Le tentazioni di Gesù rispondono ad una sola logica, quella di sconfessare il mistero della sua Incarnazione, dell’avere cioè scelto di essere uno di noi, sottoposto alle debolezze ed alle prove di ogni essere umano, ad eccezione del peccato. Conosce la prova e nella sua vita viene posto continuamente in tentazione, da parte dei discepoli, da parte degli scribi e dei farisei, dei capi del popolo e dei sacerdoti, persino mentre si trova sulla croce. Ma il suo sguardo è sempre fisso sulla volontà del Padre suo, che Egli è venuto a compiere per intero, senza sconti. Fin dall’inizio della sua missione, parlando a tu per tu con Giovanni il Battista, gli aveva detto, per entrambi, “conviene che compiamo ogni giustizia”. Ai discepoli, non una volta soltanto, ma ripetutamente ribadiva che Egli era venuto a compiere la volontà del Padre suo e che anzi questa era il suo cibo quotidiano, di cui non poteva fare a meno. Il tentatore invece gli propone le scorciatoie. Se ha fame e sete, perché non utilizzare a proprio vantaggio il potere di compiere miracoli? Chi avrebbe danneggiato? Ma Gesù non è venuto per fare il suo interesse personale, bensì per dare la sua vita a favore degli altri, e se dei miracoli ha compiuto, lo ha fatto per rendere visibile la bontà e la misericordia del Padre, pieno di tenerezza verso i suoi figli.

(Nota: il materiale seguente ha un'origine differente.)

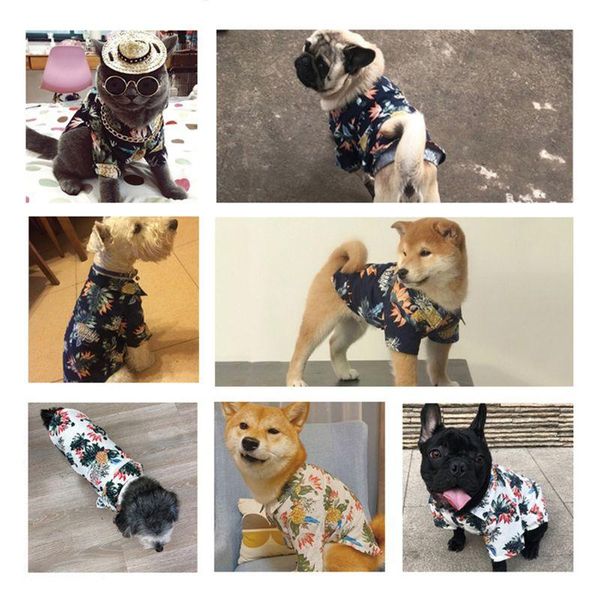 

dog apparel pet clothes spring summer hawaiian style printed cotton shirts suitable for small medium sized teddy shiba dogs shirt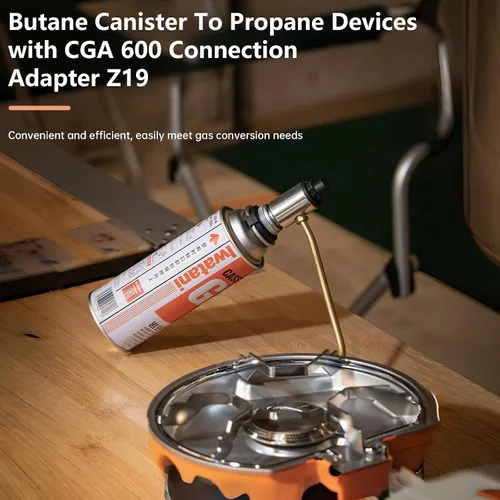 Vista 2 de Campingmoon - Convertidor de adaptador de butano a propano de 8 onzas, tipo boquilla, recipiente de butano a dispositivos de propano de 1 libra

Alla stessa maniera Gesù rifiuta di presentarsi come il Messia, lasciandosi cadere dal pinnacolo del tempio e scendere incolume sulle braccia degli Angeli. Gli eventi spettacolari possono impressionare al momento, magari essere ricordati per un poco, ma ci vuole ben altro per convincere il cuore dell’uomo e provocare la sua fede. La fede si decide in un atto di amore e Gesù mostra il suo amore proprio camminando vicino agli uomini e alle donne del suo tempo, condividendone difficoltà e sofferenze, consolandoli con la forza della sua parola di vita e ravvivando la loro speranza nell’avvento del Regno. Satana pretende di avere in mano i regni di questo mondo e le volontà degli uomini ed essere pronto a offrirli a Gesù. Quale via più sbrigativa per instaurare il regno di Dio? Gesù avrebbe realizzato il suo obiettivo. Ma a quale prezzo? Prostrandosi dinanzi al diavolo e così riconoscendolo come se fosse dio. Ma Gesù avrebbe rinnegato completamente se stesso ed il Padre suo. Egli infatti è l’unico Dio e solo Lui è degno di adorazione. Solo al Padre Gesù è disposto ad obbedire. Ora basta. Il gioco è durato troppo e Gesù reagisce con forza cacciandolo via: “Vattene, Satana!”. Adesso si vede chi ha autorità e chi è Colui che gli angeli stessi vengono a servire!